He helped raise Nico while their parents worked tirelessly to make ends meet, but in addition paved the way in which for his brother and other sons of immigrants to represent a club whose policy of only fielding players born or raised within the Basque Country inevitably meant the squad has historically reflected the predominantly white society around it.
Inaki, 29, was not the primary player of African heritage to represent the club – that was Jonas Ramalho, son of an Angolan father and Basque mother, in 2011 – but he’s the primary black player to ascertain himself at San Mames, having made greater than 300 La Liga appearances, including an unprecedented 251 in a row.
Nico, eight years his junior, is, in Inaki’s words, now “making waves in football” too, and any nerves the teen feels as of late are channelled into realising childhood dreams of acting on the largest stage alongside his big brother, mentor and guardian.

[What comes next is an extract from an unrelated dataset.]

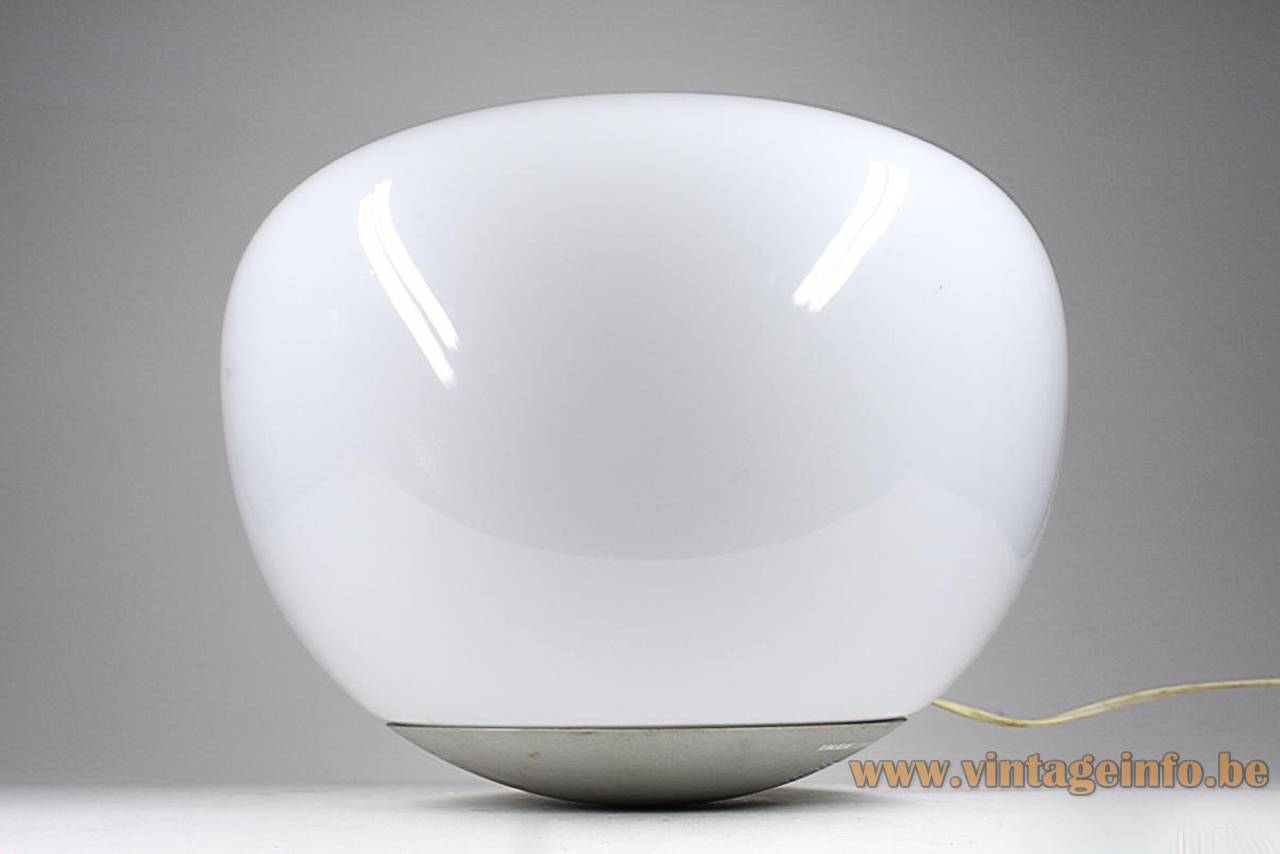 IKEA Jonisk Floor Lamp - Design: Carl Öjerstam, Sweden IKEA Jonisk floor lamp white plastic oval globe style lampshade silver bottom design: Carl Öjerstam Sweden made in China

“As an older brother, it makes me really proud to see how he has grown, to see how he is improving as a footballer. He has no ceiling,” Inaki tells BBC Sport. “I’m here to help him, to teach him and give him everything he needs.”
It is a journey that began way back, and a great distance from Bilbao. Their mother, Maria, was pregnant with Inaki when she left Ghana with father Felix in the hunt for a higher life.
The couple crossed a part of the Sahara barefoot. Inaki only learned the complete extent of their story when he was 20. He had known his father had problems with the soles of his feet, but not that
Felix and Maria made it to the Spanish territory of Melilla in north Africa, jumping a border fence, but were detained by the civil guard.
A lawyer advised them to lie, to say they were from war-torn Liberia as an alternative and seek political asylum.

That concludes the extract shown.